◆ What is expected: Omit the pictures and return exactly the stretch of the material below from the line with "Sulphur-rumped Flycatcher - ML637995922" through the line with "Набиулина объяснила рост цен на куриные яйца".

◆ Data listing:
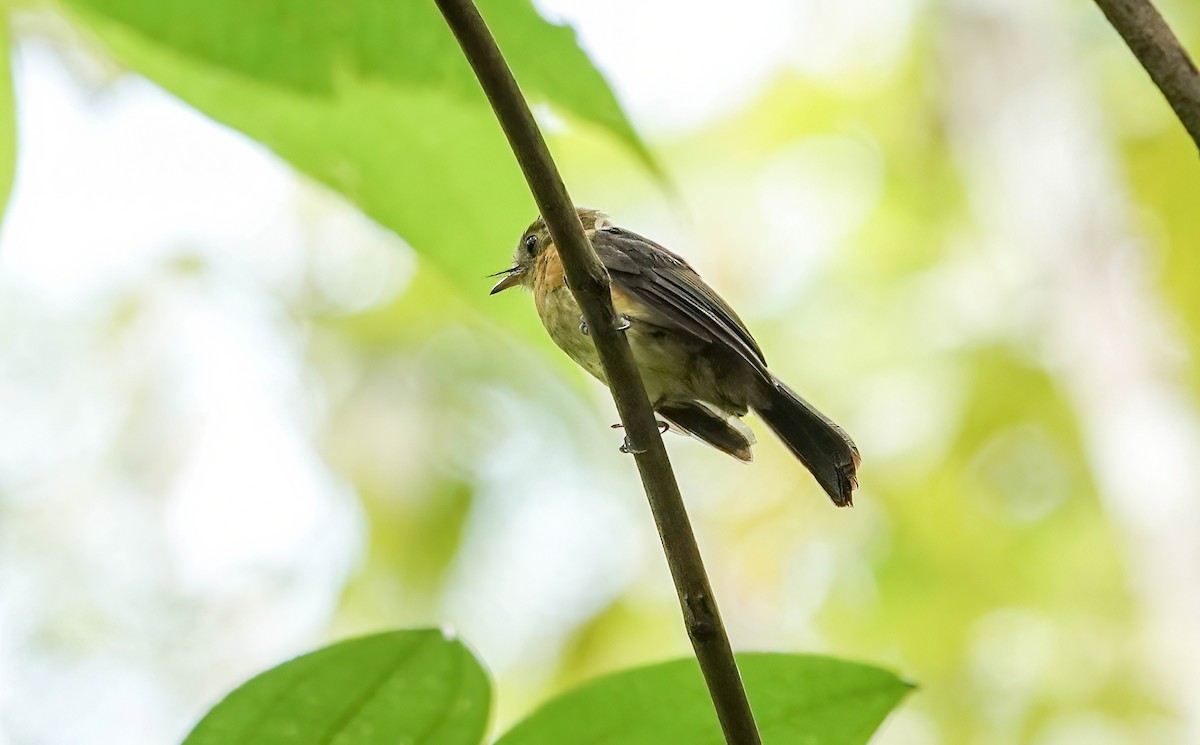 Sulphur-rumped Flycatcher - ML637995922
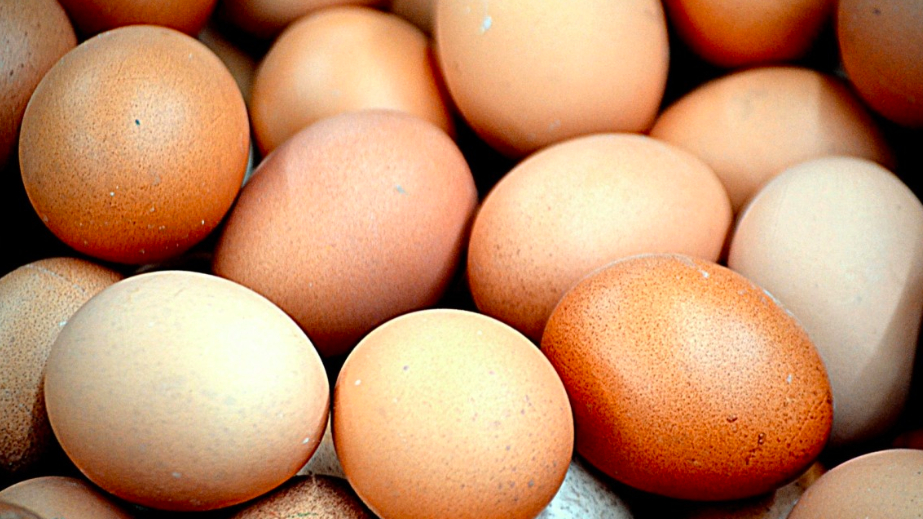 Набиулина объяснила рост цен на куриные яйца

...

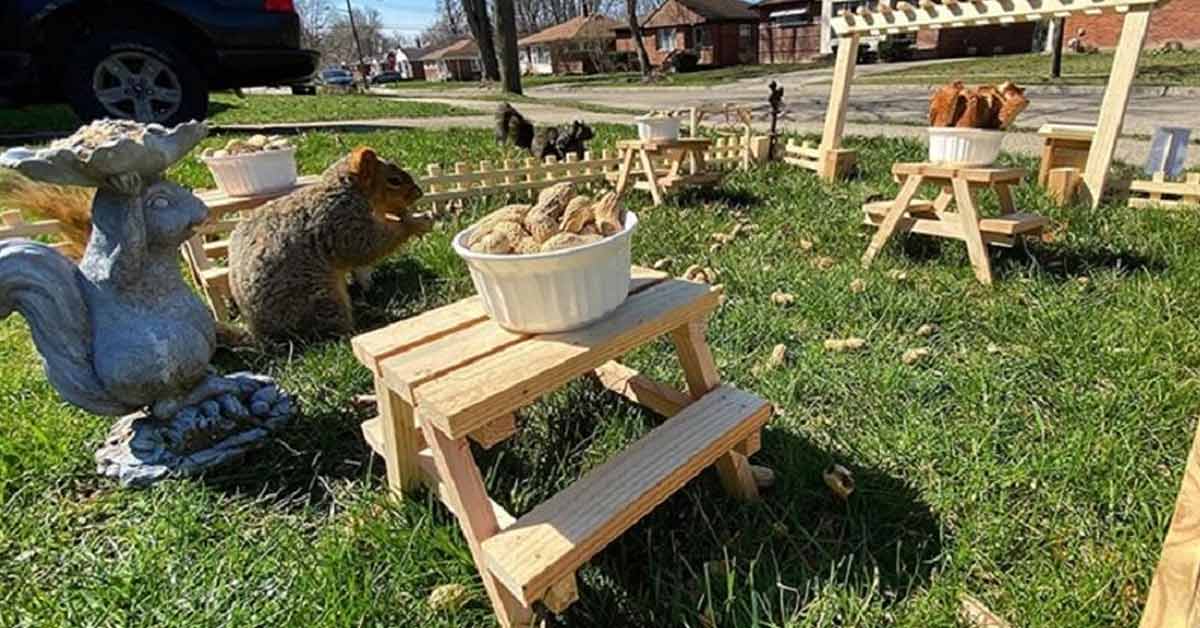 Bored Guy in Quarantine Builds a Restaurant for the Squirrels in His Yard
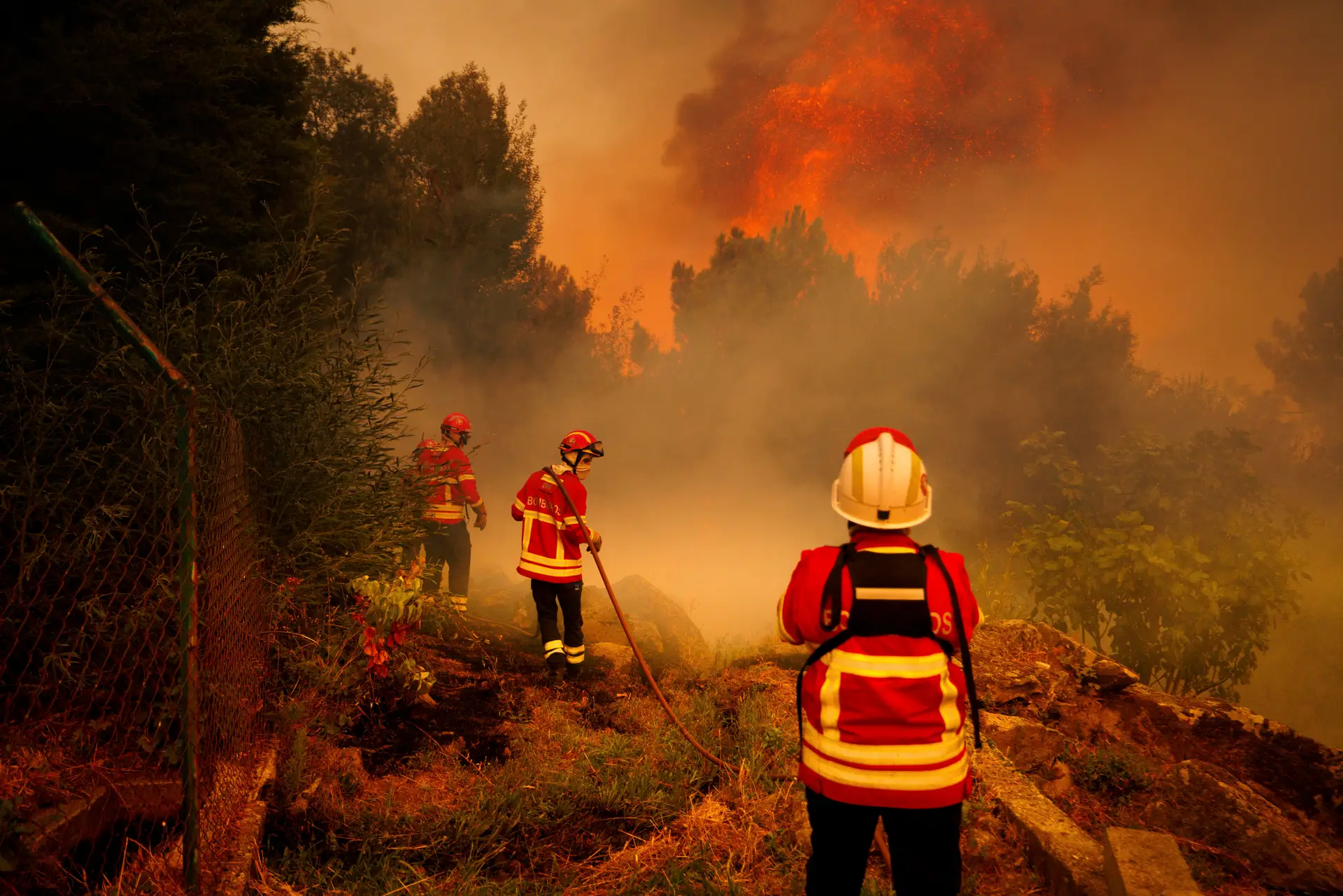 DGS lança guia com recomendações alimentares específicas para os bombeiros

==

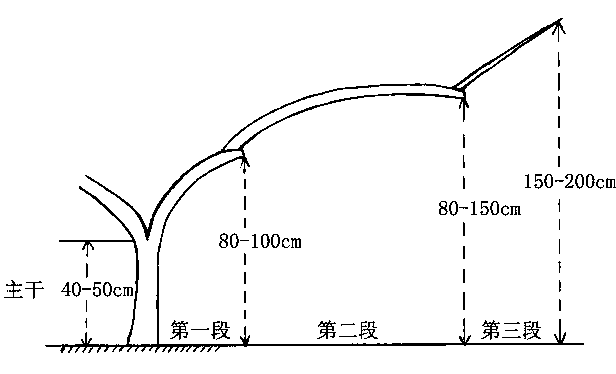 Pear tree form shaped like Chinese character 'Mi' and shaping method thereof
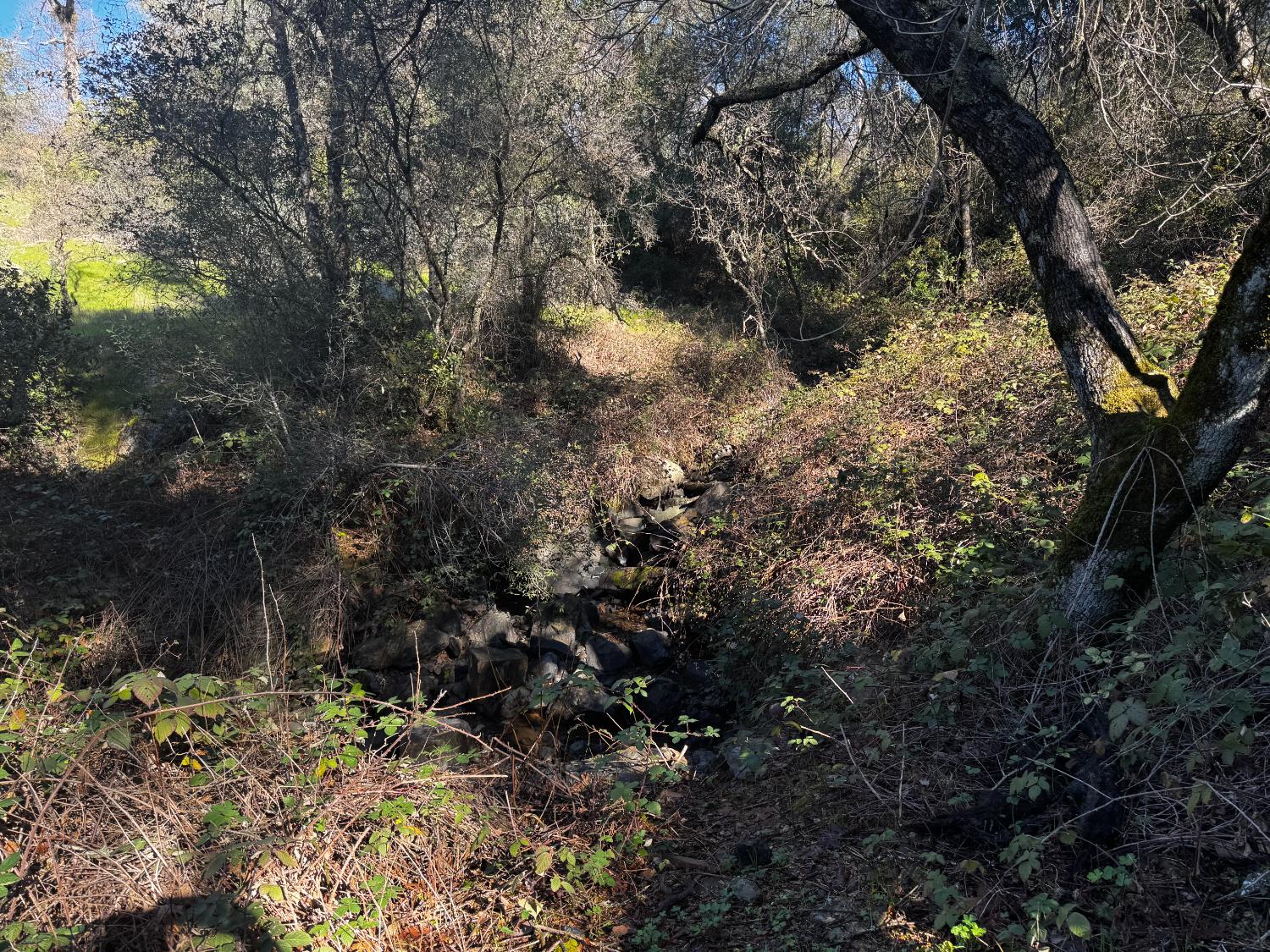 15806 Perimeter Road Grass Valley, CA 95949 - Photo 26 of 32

◆ Response area:
 Sulphur-rumped Flycatcher - ML637995922
 Набиулина объяснила рост цен на куриные яйца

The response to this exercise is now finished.